Cranberry juice always seems something of an oxymoron to me. Cranberries have very little juice, something you can prove if you wash some because they float like lifejackets on the water and, of course, they are famously ‘picked’ by flooding the fields and scooping off the floating fruits. Pure cranberry juice must be horribly bitter and concentrated and I doff my hat to the ‘juice’ producers – getting juice from a cranberry must be akin to getting blood out of a stone!
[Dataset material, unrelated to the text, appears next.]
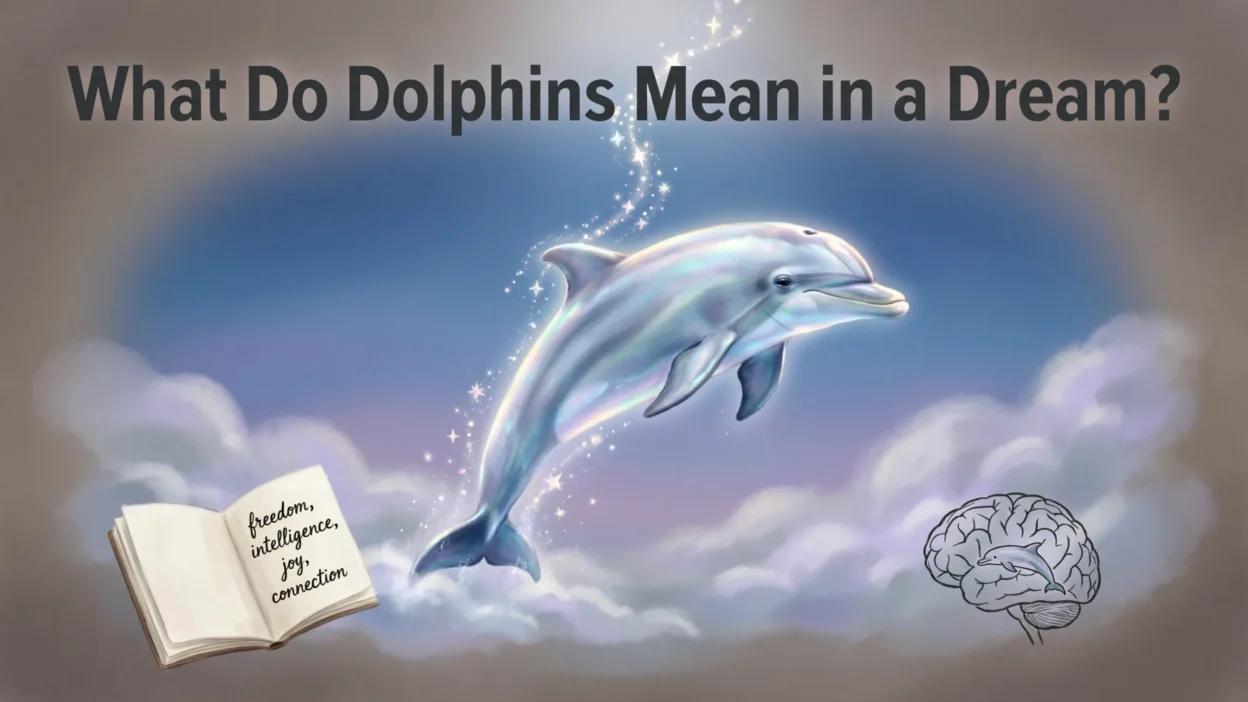 What Do Dolphins Mean in a Dream?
Anyway, I had this desire to buy cranberry juice the other day although I don’t really like it. But with its bitterness and usefulness for urinary problems* (not that I knowingly have any) it can’t do any harm getting some. But knowing that cranberries don’t have much juice I thought I would check the labels to see what is in them.
First, Ocean Spray. I was surprised that not all the cranberries were American and wondered how many were from Chile though I suppose it is to maintain a year-round supply. Lots of sugar, water as the first ingredient and concentrated juice (27%) all made sense but I was surprised it contained carrot! Price €2.05.
Next was Sqeez.
This had less cranberry content (19%) but was much the same really although it had no carrot juice. But they do add natural cranberry flavour. Maybe if they put more cranberries in they wouldn’t have to add extra flavour!
The Juice Press drink had the most cranberry juice (30%) and was the best buy really at €1.95 with no extra additives.
What struck me was the amount of sugar in these drinks. I know there is now a huge issue about sugar consumption and I don’t think we should necessarily panic about it. Maybe it would be nice if they added apple juice instead of water and sugar although natural apple sugar is just as calorific as refined sugar. And the combination of all that sugar and acid will make dentists quake.
Of course there are are low-sugar options but all seem to contain some or lots of sucralose and I try to avoid it. I think that sugar, being natural, is better, in moderation and I trust that, since it states sugar on the labels, this is not high-fructose corn syrup.
Not that you would necessarily drink a litre of these drinks at one sitting it is worth noting that the calorie content of these drinks is:
Ocean Spray and Sqeez 460 cals
The Juice Press 510 cals
Which made me wonder how these stack up against that old villain – Coke. A litre of Coke would only contain 420 cals, which makes you think. Of course, the juice will contain lots of vitamins and antioxidants and will be just as nice diluted with water to reduce the cals. But it does go to show that we shouldn’t get too hung up about sugar content alone or Coke will become a health drink!
* Many years ago when my poor old cat regularly had cystitis I used to twice-daily administer cranberry concentrate from a capsule (orally!) and it worked. I don’t think she was very happy about it but squeezing out the red paste on my finger and shoving it down her throat cleared her problems without having to resort to the vet.